## [YOUR OBJECTIVE]
Collect the lines of the entries where "email" shows up.

Top of DATA FOR THE TASK

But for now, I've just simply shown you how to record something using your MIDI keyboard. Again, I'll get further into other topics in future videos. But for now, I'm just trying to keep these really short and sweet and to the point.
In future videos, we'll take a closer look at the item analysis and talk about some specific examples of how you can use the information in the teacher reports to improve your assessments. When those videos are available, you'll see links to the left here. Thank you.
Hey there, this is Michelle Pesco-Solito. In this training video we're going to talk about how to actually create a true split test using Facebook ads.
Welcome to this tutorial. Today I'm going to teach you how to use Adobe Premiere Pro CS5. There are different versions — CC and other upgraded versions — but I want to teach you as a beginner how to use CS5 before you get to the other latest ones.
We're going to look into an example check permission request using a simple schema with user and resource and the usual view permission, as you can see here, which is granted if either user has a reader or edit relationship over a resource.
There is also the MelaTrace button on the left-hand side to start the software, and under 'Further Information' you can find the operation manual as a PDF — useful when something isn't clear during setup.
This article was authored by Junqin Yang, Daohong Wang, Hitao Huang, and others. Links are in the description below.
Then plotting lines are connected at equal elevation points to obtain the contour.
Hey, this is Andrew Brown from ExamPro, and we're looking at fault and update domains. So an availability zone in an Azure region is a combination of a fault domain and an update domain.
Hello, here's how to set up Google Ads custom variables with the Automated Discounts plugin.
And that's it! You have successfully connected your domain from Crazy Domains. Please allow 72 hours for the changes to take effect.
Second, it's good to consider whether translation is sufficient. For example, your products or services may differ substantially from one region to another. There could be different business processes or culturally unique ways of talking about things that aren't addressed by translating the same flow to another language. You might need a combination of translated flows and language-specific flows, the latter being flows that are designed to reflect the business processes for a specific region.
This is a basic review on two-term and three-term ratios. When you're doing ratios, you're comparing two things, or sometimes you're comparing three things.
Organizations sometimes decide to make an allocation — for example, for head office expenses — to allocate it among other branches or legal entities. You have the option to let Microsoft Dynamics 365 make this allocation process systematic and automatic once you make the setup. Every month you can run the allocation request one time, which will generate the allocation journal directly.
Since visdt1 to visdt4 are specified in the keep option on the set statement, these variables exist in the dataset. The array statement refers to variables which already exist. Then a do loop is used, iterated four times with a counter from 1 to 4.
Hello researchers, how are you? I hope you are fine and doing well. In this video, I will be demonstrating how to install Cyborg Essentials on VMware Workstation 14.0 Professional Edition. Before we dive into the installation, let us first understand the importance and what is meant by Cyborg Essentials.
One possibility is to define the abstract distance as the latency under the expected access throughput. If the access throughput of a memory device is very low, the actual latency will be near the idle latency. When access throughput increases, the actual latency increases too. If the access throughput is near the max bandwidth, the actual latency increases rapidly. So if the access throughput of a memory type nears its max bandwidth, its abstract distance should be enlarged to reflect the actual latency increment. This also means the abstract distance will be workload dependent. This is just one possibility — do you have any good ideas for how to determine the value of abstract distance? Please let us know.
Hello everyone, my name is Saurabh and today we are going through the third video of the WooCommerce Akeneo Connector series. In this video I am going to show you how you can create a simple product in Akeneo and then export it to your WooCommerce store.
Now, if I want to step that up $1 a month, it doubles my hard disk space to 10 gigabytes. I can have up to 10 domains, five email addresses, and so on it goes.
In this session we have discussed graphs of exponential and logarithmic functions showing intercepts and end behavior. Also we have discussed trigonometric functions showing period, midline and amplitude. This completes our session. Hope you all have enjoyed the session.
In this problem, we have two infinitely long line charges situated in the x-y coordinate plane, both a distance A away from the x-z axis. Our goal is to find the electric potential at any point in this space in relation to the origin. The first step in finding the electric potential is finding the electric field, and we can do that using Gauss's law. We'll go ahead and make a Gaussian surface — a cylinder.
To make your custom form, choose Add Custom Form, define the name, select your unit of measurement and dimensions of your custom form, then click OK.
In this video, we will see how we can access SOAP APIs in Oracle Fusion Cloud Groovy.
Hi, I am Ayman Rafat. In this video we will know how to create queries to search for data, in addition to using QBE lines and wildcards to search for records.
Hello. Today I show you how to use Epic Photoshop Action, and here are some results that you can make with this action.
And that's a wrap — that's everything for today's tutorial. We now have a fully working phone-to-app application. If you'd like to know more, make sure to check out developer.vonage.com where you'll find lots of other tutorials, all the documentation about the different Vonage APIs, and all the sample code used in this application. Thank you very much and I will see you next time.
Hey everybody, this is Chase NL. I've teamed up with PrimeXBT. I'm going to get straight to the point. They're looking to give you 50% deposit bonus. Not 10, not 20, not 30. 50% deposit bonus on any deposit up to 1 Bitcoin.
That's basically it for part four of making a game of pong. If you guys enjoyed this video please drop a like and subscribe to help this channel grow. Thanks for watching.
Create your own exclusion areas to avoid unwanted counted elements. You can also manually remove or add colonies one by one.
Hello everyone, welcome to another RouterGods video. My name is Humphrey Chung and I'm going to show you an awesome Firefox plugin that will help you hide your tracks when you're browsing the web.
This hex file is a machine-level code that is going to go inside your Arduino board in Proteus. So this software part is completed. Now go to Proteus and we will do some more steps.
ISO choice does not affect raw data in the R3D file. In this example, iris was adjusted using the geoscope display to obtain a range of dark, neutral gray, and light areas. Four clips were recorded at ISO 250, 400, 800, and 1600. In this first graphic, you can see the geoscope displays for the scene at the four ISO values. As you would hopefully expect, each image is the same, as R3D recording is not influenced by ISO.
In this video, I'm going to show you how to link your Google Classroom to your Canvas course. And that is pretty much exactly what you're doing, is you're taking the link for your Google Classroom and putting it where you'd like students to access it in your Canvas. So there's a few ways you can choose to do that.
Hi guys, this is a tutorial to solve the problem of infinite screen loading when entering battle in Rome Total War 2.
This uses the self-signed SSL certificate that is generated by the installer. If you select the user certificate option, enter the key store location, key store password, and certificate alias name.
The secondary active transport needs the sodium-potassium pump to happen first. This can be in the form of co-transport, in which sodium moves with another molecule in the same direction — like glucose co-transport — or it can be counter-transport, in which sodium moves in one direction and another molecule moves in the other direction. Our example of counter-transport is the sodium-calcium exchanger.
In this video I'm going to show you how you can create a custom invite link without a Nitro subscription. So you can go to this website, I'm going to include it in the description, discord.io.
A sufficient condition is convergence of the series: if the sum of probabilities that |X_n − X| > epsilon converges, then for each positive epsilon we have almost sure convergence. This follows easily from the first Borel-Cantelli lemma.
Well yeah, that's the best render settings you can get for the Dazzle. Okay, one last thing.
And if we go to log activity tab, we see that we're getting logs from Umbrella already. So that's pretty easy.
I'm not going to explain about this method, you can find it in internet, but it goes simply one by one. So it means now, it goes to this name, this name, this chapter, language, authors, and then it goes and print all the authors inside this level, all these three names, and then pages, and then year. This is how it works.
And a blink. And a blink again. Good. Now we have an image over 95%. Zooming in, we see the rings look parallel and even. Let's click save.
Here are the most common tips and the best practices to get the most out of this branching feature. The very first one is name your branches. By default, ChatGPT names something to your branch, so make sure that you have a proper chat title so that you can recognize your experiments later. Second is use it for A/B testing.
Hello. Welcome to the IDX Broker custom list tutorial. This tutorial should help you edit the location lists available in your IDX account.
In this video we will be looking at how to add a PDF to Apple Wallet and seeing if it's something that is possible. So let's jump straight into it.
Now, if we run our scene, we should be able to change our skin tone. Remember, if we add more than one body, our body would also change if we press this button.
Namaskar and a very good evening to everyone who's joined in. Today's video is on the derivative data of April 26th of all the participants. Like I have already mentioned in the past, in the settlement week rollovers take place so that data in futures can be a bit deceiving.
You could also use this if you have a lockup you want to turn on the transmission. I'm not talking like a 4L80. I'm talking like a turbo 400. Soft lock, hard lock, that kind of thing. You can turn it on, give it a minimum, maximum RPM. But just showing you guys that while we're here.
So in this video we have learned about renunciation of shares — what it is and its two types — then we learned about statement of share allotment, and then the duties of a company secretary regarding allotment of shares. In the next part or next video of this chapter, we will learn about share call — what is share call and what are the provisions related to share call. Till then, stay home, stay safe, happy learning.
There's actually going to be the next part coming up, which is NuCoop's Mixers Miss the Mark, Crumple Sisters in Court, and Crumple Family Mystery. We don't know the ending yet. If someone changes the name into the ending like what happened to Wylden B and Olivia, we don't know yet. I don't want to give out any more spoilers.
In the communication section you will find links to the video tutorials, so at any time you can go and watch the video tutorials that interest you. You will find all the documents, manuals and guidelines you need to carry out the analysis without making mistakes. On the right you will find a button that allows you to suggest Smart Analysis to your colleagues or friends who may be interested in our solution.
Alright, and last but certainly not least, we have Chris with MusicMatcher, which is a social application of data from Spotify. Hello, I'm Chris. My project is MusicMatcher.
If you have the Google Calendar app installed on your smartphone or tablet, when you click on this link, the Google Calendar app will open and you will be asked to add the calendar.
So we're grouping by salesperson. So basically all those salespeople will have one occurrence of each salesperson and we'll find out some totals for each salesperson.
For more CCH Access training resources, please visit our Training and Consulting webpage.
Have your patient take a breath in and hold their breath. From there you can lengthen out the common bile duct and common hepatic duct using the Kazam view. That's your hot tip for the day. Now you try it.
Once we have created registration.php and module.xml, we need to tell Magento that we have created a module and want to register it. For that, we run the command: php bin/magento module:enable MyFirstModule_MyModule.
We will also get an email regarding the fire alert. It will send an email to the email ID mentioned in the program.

Bottom of DATA FOR THE TASK

## [RESULT]
Now, if I want to step that up $1 a month, it doubles my hard disk space to 10 gigabytes. I can have up to 10 domains, five email addresses, and so on it goes.
We will also get an email regarding the fire alert. It will send an email to the email ID mentioned in the program.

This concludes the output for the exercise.